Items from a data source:
+===+
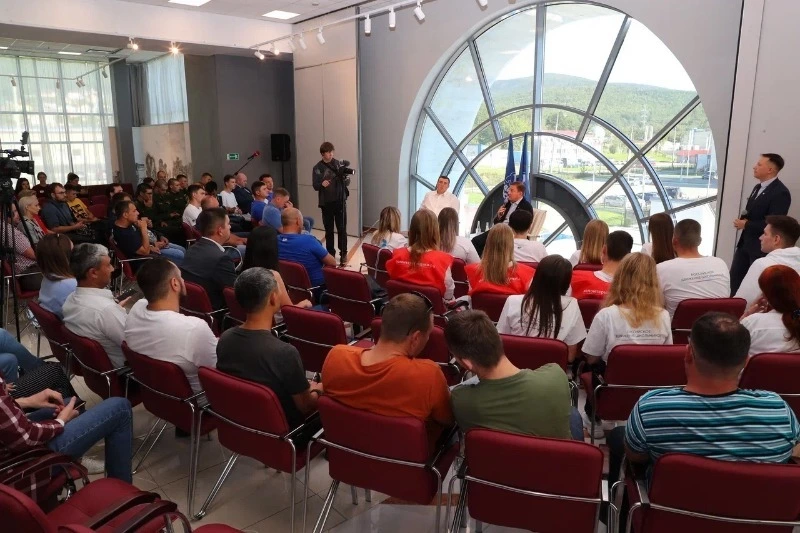 Андрей Турчак рассказал сахалинской молодежи, что происходит на Украине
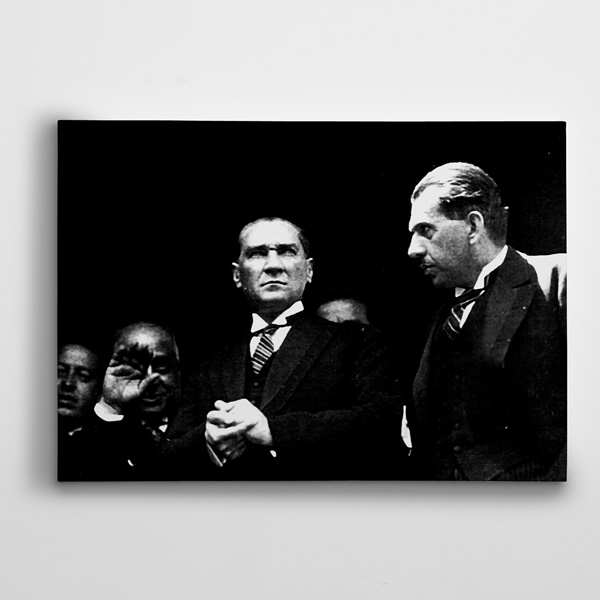 Atatürk Siyah Beyaz 19 Kanvas Tablo
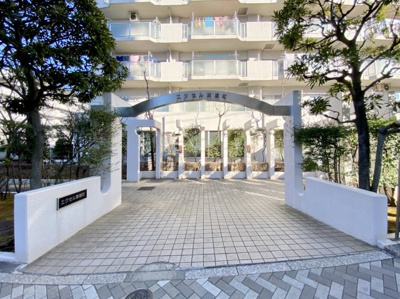 【エントランス】 | エクセル東陽町 | 【エントランス】マンションのエントランスは、その物件の印象を決める、顔とも言える場所です。毎日通る場所ですからきれいなのが一番です。エントランス内はオートロックですので暮らしの安全も確保されています。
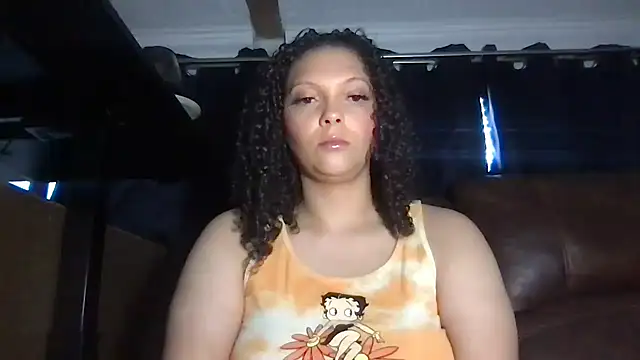 Snapshot of LuLuValenttine101 chatting on 03-14-26, 11:21 LuLuValenttine101 online show from 03-14-26, 11:21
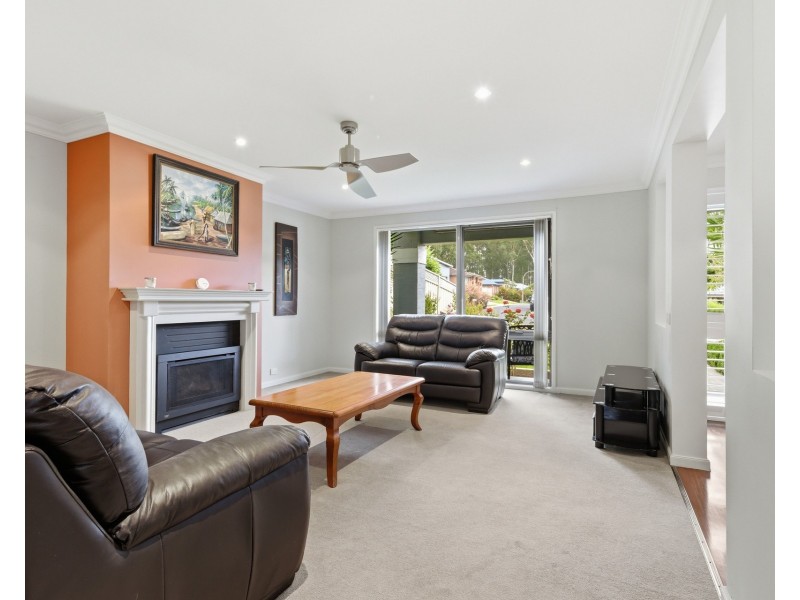 5 Luks Way, Batehaven NSW 2536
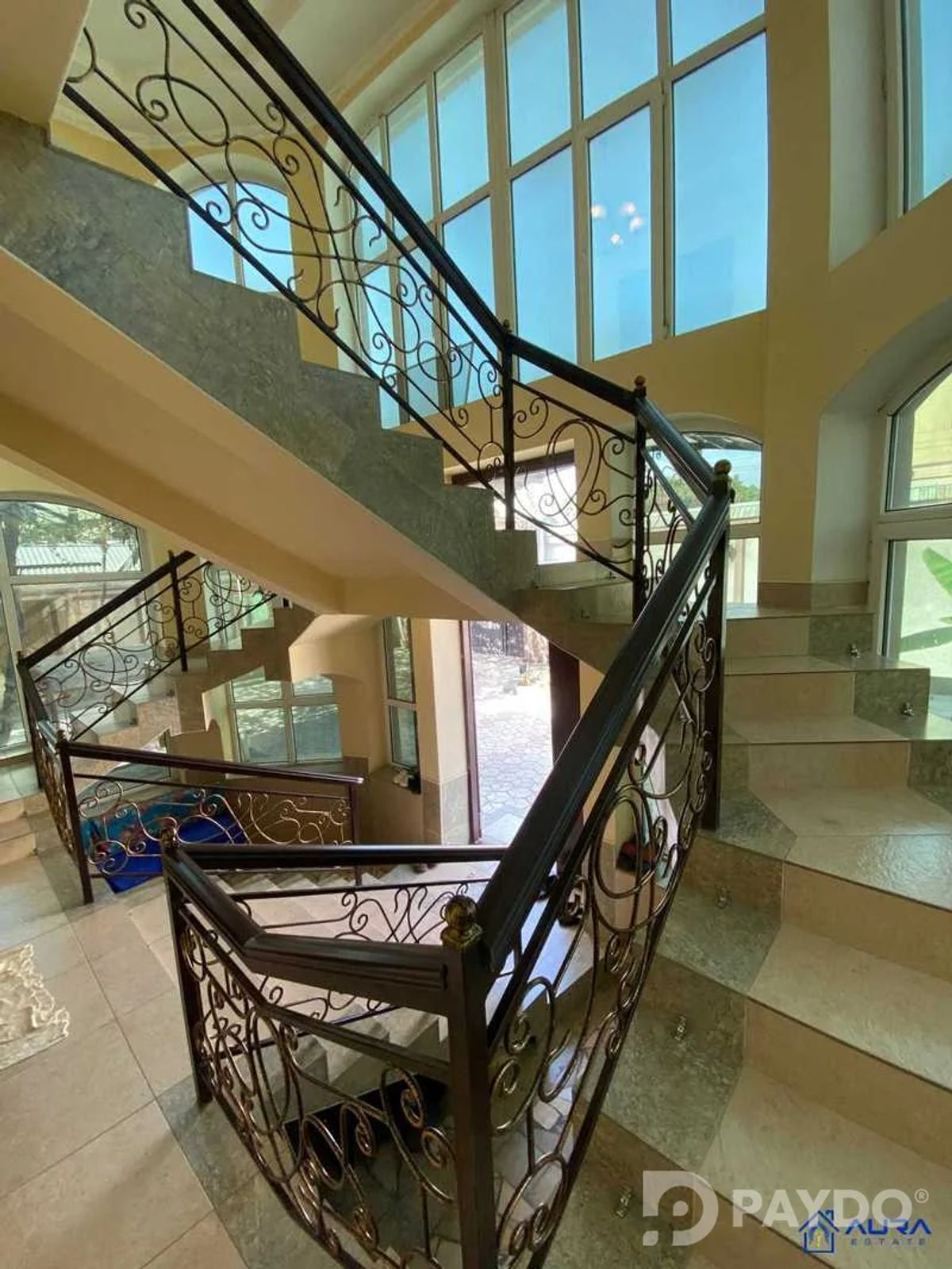 9-room • 4 floor house • Karobolo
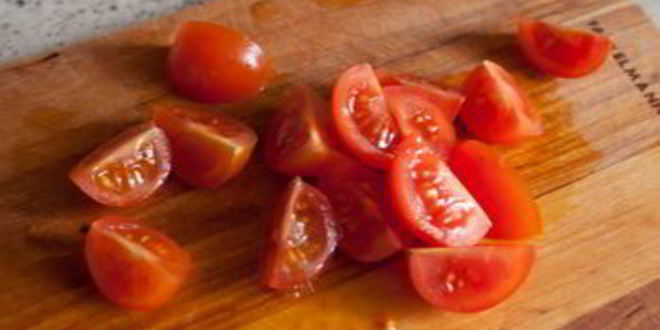 Рецепт канапе с кремом из феты и песто с томатами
+===+
_TASK TO CARRY OUT_:
Set every record down exactly, omitting pictures.

_YOUR RESPONSE_:
 Андрей Турчак рассказал сахалинской молодежи, что происходит на Украине
 Atatürk Siyah Beyaz 19 Kanvas Tablo
 【エントランス】 | エクセル東陽町 | 【エントランス】マンションのエントランスは、その物件の印象を決める、顔とも言える場所です。毎日通る場所ですからきれいなのが一番です。エントランス内はオートロックですので暮らしの安全も確保されています。
 Snapshot of LuLuValenttine101 chatting on 03-14-26, 11:21 LuLuValenttine101 online show from 03-14-26, 11:21
 5 Luks Way, Batehaven NSW 2536
 9-room • 4 floor house • Karobolo
 Рецепт канапе с кремом из феты и песто с томатами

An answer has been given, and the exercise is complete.